Closed noemission closed 9 years ago

noemission commented 9 years ago

Hello this is more of a question rather than an issue. I understand the theory behind these data structures, but i run a little test in action and i didn't really understand the results. I used a simple array from [0...10000] and the same as btree. I used underscore to give me the min,max and if array contains 9999, so it's the worst situation for array because it will do O(n) for these actions. So benchmarking that, btree is really good 2x faster than underscore functions. But in overall btree is like 10x slower than underscore functions. I believe this has to do with constructing the btree versus constructing a simple array? Is this expected? And if so, what is the point of using structures in javascript?

mauriciosantos commented 9 years ago

Hello,

Please remember that this is a binary tree, but not a self-balancing binary tree.
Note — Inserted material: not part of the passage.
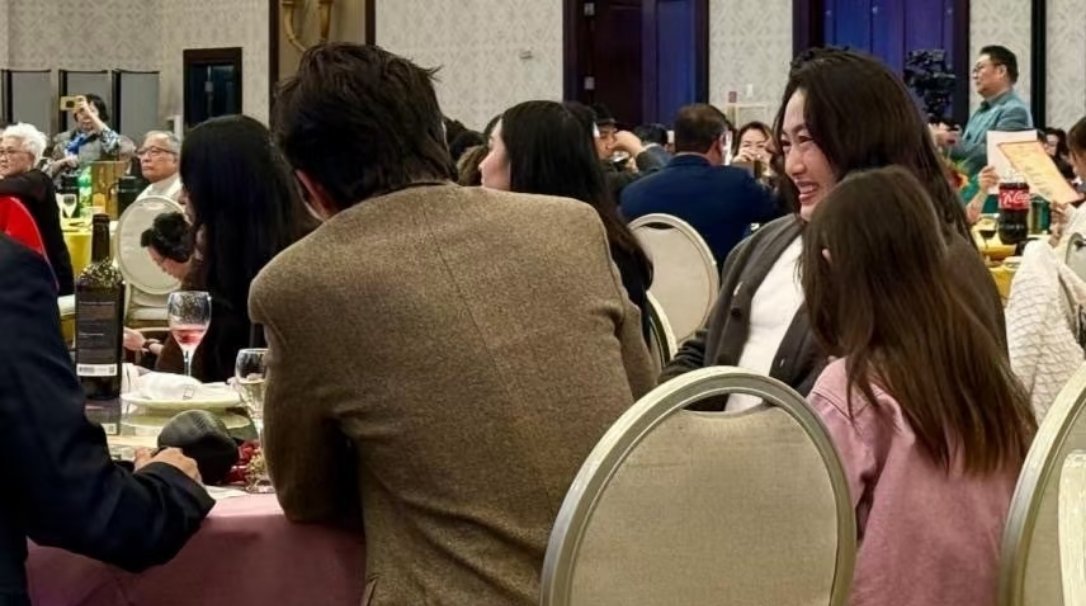 陈冠希留胡子了，一家三口在洛杉矶吃喜酒。他女儿好漂亮，很优雅啊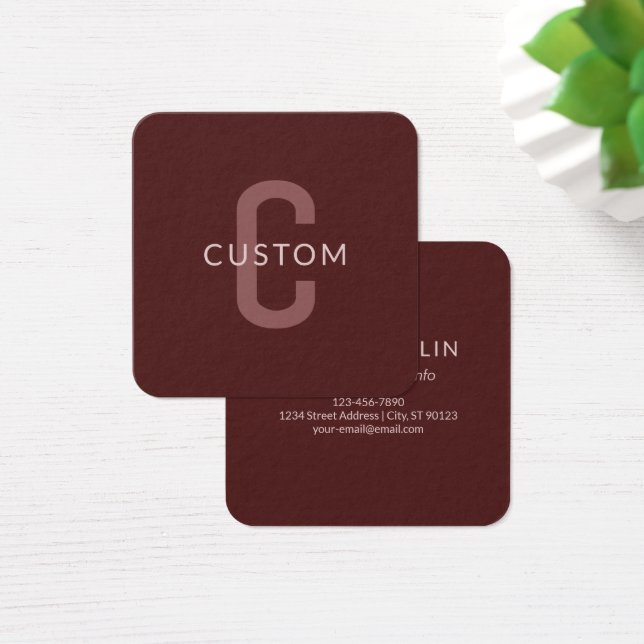 Nombre Monogramado de aspecto moderno | Maroon Red (Escritorio)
In a self-balancing binary tree, lookup and insertion operations take O(log(n)) time in the worst case. In a normal binary tree these operations take O(log(n)) time on average, but O(n) worst case.

If you add a sequence of already sorted numbers that qualifies as the worst case scenario for the max operation.

For example, adding [1,2,3] in order creates the following tree:

1
 \
  2
    \
      3

To obtain the maximum value you have to traverse the whole tree. So performance is the same as a Linked List.

On the other hand, if you add a sequence of random numbers such as [2,1,3], that creates the following tree:

  2 
 /  \
1   3

In this case the maximum and minimum operations take O(log(n)) time.

noemission commented 9 years ago

Hello! Yes i realized that i was giving a sorted array after i posted this! Even with this sorted array, operations like find min,max or a random value is really good, the performance although is bad when constructing the tree, the add() function is really slow. As you mentioned this is not a balancing binary tree so it doesn't change the root frequently to keep it balanced, so why is it taking so long to build the tree?

ps in your second example you mean 2 / \ 1 3

mauriciosantos commented 9 years ago

Yes, I mean that, sorry. In javascript arrays adding a value is a constant time operation, in trees it's a log(n) operation on average. So constructing an array should take O(n) time and constructing a tree O(nlog(n)) time.